#### Raw data ####

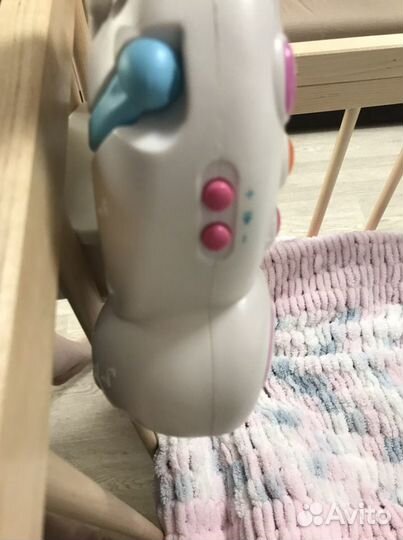 Музыкальный мобиль на кроватку tiny love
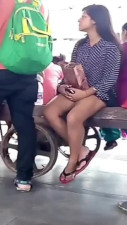 SEXY GIRL SHOWING HIR THUNDER THIGH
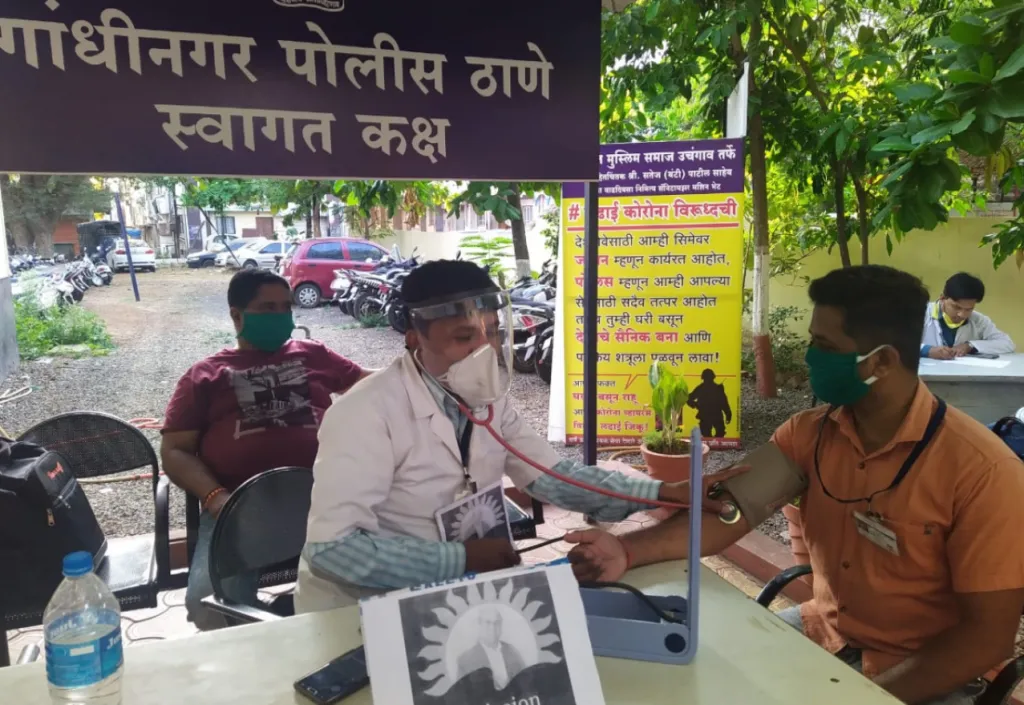 कोरोना विरोधात लढणाऱ्या पोलिस आणि पत्रकारांची आरोग्य तपासणी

####

→ **Exercise goal**
Write out the material above precisely, leaving each picture behind.

→ **Answer to the problem**
 Музыкальный мобиль на кроватку tiny love
 SEXY GIRL SHOWING HIR THUNDER THIGH
 कोरोना विरोधात लढणाऱ्या पोलिस आणि पत्रकारांची आरोग्य तपासणी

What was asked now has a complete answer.